我需要一种仅使用词频对 lucene 文档进行评分的方法。是否有任何标志需要为此更改？答案

【问题标题】：I need a way to score the lucene documents using term frequency only. Is there any flag that needs to be changed for this?我需要一种仅使用词频对 lucene 文档进行评分的方法。是否有任何标志需要为此更改？
【发布时间】：2016-04-07 11:21:44
【问题描述】：

如果我有两个文档，其中 D1 有两次“lucene”一词，而 D2 有三次“lucene”一词。我希望 lucene 的 D2 得分高于 D1。这里需要注意的是，D1 只有两个词（即 lucene lucene），而 D3 有 100 个词，其中 3 个词是 lucene。默认 lucene 评分模型将 D1 评分高于 D2。我想禁用此模式并将 D2 排名高于 D1。这是我的项目要求。

【问题讨论】：

标签： lucene

【解决方案1】：

您需要实现一个相似度来满足您的需求。您可以直接在Similarity 上实现，但您可能会发现复制ClassicSimilarity（DefaultSimilarity，5.4 之前的版本）更简单，并删除您不想影响分数的事情（即。返回一个常数）。例如，这是一个非常简单的实现，它会简单地返回查询中术语的频率：

import org.apache.lucene.index.FieldInvertState;
import org.apache.lucene.search.similarities.TFIDFSimilarity;
import org.apache.lucene.util.BytesRef;

public class SimpleSimilarity extends TFIDFSimilarity {
//Comments describe briefly what these methods do in the *standard* implementation.
//Not what they do in this implementation (which, for most of them, is nothing at all)

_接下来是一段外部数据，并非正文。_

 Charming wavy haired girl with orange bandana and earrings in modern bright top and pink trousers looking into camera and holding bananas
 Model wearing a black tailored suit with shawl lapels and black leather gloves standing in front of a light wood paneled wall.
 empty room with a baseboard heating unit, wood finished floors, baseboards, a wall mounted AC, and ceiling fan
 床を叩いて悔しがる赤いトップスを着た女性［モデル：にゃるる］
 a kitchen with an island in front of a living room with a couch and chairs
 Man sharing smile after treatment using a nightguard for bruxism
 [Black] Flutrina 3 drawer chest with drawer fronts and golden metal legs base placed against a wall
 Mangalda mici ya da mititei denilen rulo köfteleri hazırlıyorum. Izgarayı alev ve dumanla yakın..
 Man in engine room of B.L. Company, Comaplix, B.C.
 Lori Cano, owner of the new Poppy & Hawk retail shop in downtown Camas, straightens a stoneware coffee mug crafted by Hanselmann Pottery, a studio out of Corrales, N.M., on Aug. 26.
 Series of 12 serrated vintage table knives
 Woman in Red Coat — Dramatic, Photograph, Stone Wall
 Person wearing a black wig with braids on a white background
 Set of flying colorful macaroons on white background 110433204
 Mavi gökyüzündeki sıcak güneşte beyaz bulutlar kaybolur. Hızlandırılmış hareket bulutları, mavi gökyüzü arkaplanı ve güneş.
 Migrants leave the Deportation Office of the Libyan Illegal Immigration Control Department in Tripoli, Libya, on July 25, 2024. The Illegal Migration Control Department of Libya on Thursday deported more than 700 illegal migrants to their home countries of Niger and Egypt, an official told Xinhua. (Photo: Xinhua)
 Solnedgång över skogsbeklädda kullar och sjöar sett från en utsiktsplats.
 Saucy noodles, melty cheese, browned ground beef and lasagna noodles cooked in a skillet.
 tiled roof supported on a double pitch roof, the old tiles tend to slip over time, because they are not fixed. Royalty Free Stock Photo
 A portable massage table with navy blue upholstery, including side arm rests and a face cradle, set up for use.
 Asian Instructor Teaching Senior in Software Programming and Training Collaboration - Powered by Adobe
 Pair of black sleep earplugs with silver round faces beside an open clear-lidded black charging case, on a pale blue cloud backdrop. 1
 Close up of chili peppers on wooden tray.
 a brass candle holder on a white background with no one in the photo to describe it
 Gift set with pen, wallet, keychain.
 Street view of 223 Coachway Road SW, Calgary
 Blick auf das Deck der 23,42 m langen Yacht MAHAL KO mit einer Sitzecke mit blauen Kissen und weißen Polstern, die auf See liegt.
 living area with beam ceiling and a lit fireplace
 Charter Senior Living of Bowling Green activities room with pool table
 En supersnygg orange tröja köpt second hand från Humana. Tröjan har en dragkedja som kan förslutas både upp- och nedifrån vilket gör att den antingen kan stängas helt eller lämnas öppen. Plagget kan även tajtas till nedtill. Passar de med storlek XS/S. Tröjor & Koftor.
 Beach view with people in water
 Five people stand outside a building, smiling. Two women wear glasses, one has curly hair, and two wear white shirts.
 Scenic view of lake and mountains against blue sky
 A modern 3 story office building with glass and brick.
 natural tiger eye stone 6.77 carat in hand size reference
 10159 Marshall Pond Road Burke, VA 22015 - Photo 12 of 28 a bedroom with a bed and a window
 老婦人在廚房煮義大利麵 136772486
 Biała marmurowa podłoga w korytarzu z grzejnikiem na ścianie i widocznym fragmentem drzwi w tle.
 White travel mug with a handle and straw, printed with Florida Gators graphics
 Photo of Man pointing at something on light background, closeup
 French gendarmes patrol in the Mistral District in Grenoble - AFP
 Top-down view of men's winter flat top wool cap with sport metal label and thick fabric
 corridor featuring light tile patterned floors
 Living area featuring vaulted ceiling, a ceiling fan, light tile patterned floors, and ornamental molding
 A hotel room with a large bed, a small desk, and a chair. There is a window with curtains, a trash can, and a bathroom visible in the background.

  public SimpleSimilarity() {}

  //boosts results which match more query terms
  @Override
  public float coord(int overlap, int maxOverlap) {
    return 1f;
  }

  //constant per query, normalizes scores somewhat based on query
  @Override
  public float queryNorm(float sumOfSquaredWeights) {
    return 1f;
  }

  //Norms should be disabled when using this similarity
  //They are useless to it, and would just be wasted space.
  @Override
  public final long encodeNormValue(float f) {
    return 1L;
  }

  @Override
  public final float decodeNormValue(long norm) {
    return 1f;
  }

  //Weighs shorter fields more heavily
  @Override
  public float lengthNorm(FieldInvertState state) {
    return 1f;
  }

  //Higher frequency terms (more matches) scored higher
  @Override
  public float tf(float freq) {
    //return (float)Math.sqrt(freq);  The standard tf impl
    return freq;
  }

  //Scores closer matches higher when using a sloppy phrase query
  @Override
  public float sloppyFreq(int distance) {
    return 1.0f;
  }

  //ClassicSimilarity doesn't really do much with payloads.  This is unmodified
  @Override
  public float scorePayload(int doc, int start, int end, BytesRef payload) {
    return 1f;
  }

  //Weigh matches on rarer terms more heavily.
  @Override
  public float idf(long docFreq, long numDocs) {
    return 1f;
  }

  @Override
  public String toString() {
    return "SimpleSimilarity";
  }
}

【讨论】：